Abortion and Devolution: The Conservative Party’s Abandonment of Northern Ireland


By Elizabeth Heverin

Like many conservatives in the last election, I had high hopes for this new Tory government. Telling myself that “Finally the conservative party is becoming conservative once again.”  But never have I been so wrong.


A main concern of mine was our relationship with Northern Ireland. In July last year 332 to 99 MPs voted in favour of abortion and gay marriage to be forced upon Northern Ireland. A decision that not only went against the interests of the Northern Irish people, but the union as well. This year the decision came into effect, arguably representing “one of the darkest days in Northern Ireland’s history.” In June, another vote took place and yet again MPs, this time with a conservative majority, approved the controversial abortion regulations opposed by Stormont by 253 to 136. 


 But why is this important to the Union you may ask? For anyone who understands Northern Ireland's history, acknowledges that it is a very religious place with a history of conflict. Afterall there is a reason why abortion was not forced upon Northern Ireland to begin with: there was and still is a pro-life majority. 


Research conducted by ‘Both Lives Matter’ found that an estimated 100,000 individuals in Northern Ireland are alive today who otherwise would not had been if the 1967 Abortion Act had been adopted. Alongside this, 64% of people in Northern Ireland according to a ComRes poll, think that abortion should be decided by Northern Ireland’s elected representatives, rising to 66% of women and 70% of 18 to 34-year olds.


Last year Boris Johnson promised that the issue of abortion would be “for the people of Northern Ireland and their politicians to decide.” However, it is clear now this was not true and is yet another example of the conservatives turning their backs on Northern Ireland once again. The conservatives claim to be unionists yet are so willing to force their liberal views onto Northern Ireland, knowing full well they oppose them. As Carla Lockhard rightfully pointed out “The will of the people of Northern Ireland has been ignored. The will of the Northern Ireland Assembly has been ignored.” 

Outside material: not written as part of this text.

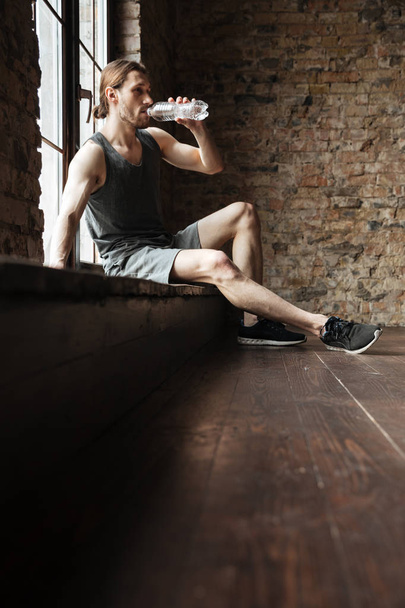 Portrait of a tired sportsman drinking water from a bottle - Photo, Image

Wherever your stance on the abortion debate is, pro-life or pro-choice, it does not matter. Any reasonable individual will understand that if the devolution settlement of Stormont is to be respected, the cross-community view against this extreme abortion framework must also be respected as well. Otherwise we may see a future in which Northern Ireland leaves the United Kingdom, a reality no conservative or unionist would ever want to witness.